The Wildflower Farm, once we'd found our way inside, proved to be an interesting operation in a number of ways. The entrance wasn't all that clearly identified (or maybe we were just in the wrong part of the car park) and we found our way inside thorough the entrance that provided access from what were obviously the proprietors' living quarters, to be greeted by the owner, who showed us around the processing part of the operation (fairly impressive, they apparently have an extensive export market), offered us a cup of tea or coffee in what looked like the eating section of the establishment, and left us to go about her regular routine out the back.
The woman who looks after the front of house arrangements cheerily delivered the refreshments and didn't act as if payment was required, so we sat undisturbed for a spell with a specially commissioned Leyland Brothers documentary about Western Australian wildlife played out in the background at a relatively high volume level.
Inquiries about lunch brought an I'll see what I can do and the end of the Leyland Brothers DVD produced a welcome silence, interrupted by the return of Madam Proprietor, who volunteered to put it back to the start so we could watch the rest of it and advised that the catering only operates for coaches.
Oh well, Moora was just down the road and we'd be sure to find lunch there.
Madam ended up with an impressive bouquet of preserved banksia and wildflowers, which I regarded as a dubious prospect in the Will It Get Back Safely To Bowen Stakes and we set off for Moora around a quarter to two, with Hughesy not at all confident of finding something still open with lunch on hand.
A check at the tourist information pointed us towards the pie shop, which boasted a restaurant as a side operation, but we arrived to find that side of things was about to close, and the pie warmer substantially depleted at the end of what had presumably been a busy day’s trading. Still, there was a meat pie and a vegetable pasty and they sufficed to get us along the rest of the route to the evening stop in Australia's only monastic town, New Norcia.
There aren't many settlements scattered across this portion of the Westralian countryside, so finding somewhere between Morawa and Perth where we could spend the night before continuing to Busselton was something of a problem.
Originally Madam had come up with a farmstead B&B property, and we should have known something was up when all attempts to make an actual booking seemed to draw a blank. Eventually I phoned at the right time (the place is a working farm, so the proprietors are usually out and about somewhere away from the phone) and was advised we don't do that stuff any more, sorry. There seemed little else available except for the hotel at New Norcia, so that was where we were headed.
Madam also had ambitions regarding New Norcia bread, but complications set in.
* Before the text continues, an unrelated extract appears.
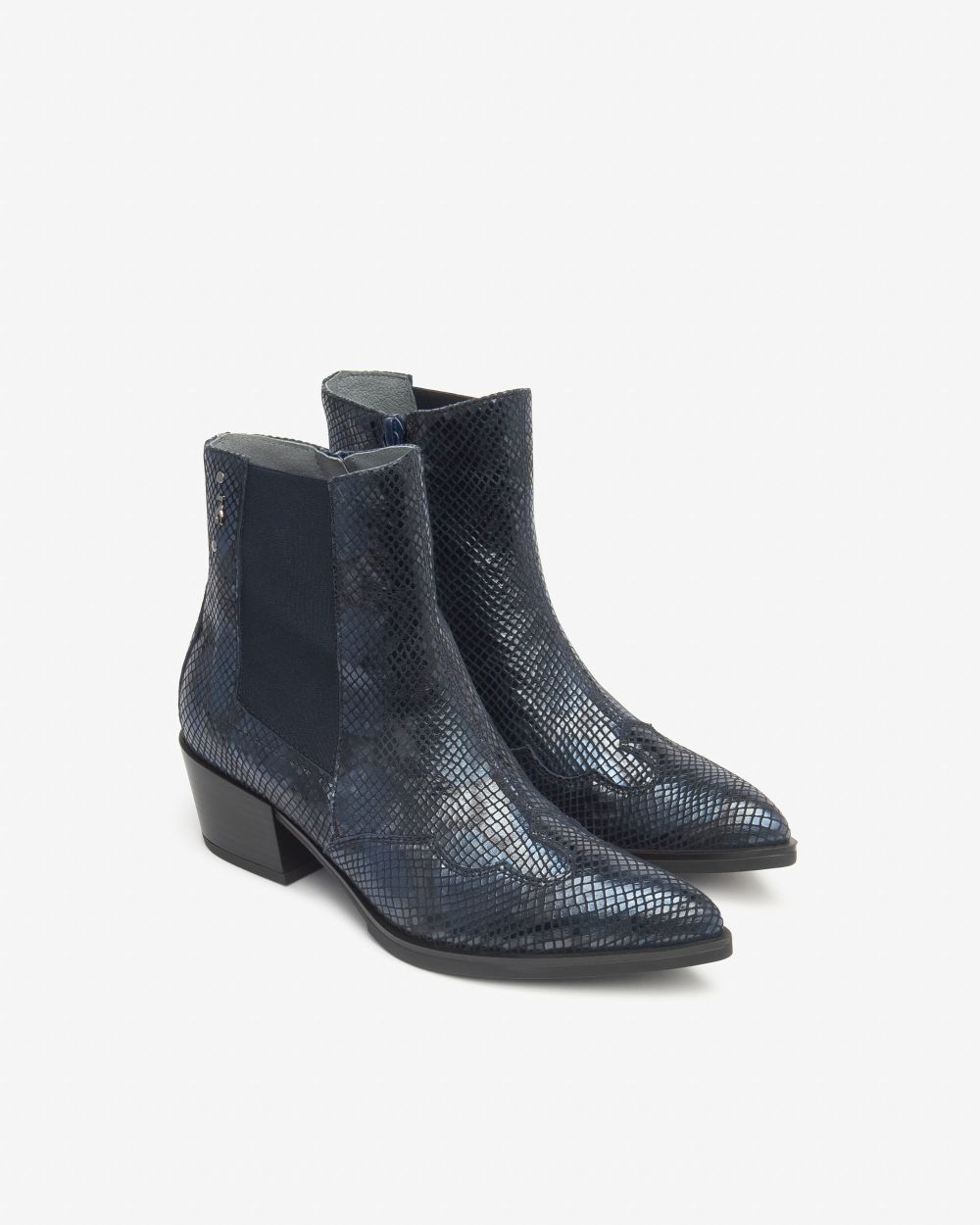 Nero Giardini I513910D Stivaletti Chelsea Donna in Pelle notte o nickel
For a start you don't buy the bread from the bakery, which is part of the monastery and therefore off limits to the general public. You can buy it at the roadhouse or an outlet at Scarborough Beach.
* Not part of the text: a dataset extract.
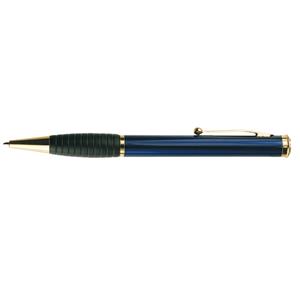 Długopis REHA - niebieski/złoty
Predictably the roadhouse had sold out, and enquiries revealed that Tuesday was the baker's day off, so no joy for the morrow either.
We also went looking for it in the shop at the museum, a search that brought back spooky memories of a very much younger Hughesy's regular visits to reclaim the football that had found its way onto the wrong side of the ten foot fence that surrounded the Carmelite nunnery behind the house where my family lived in Auchenflower.
The flashbacks continued after we'd checked into the hotel and found a room that existed in a sort of late-fifties time-warp (or early sixties, it bore a remarkable resemblance to the rooms we found upstairs at the old Queens Hotel on the Strand when my family moved to Townsville in 1963). Fortunately the time warp included electric blankets.
We were downstairs for dinner fairly early in proceedings since breakfast and lunch had been rather thin on the ground, but the New Norcia dinner made up for that, with a couple of glasses of the monastic wine and samples of the Abbey Ale to wash down a beef and Guinness stew and a remarkably good pizza. With that out of the way, however, there wasn’t much that was going to delay the retreat to the cot.
And, of course, the electric blanket.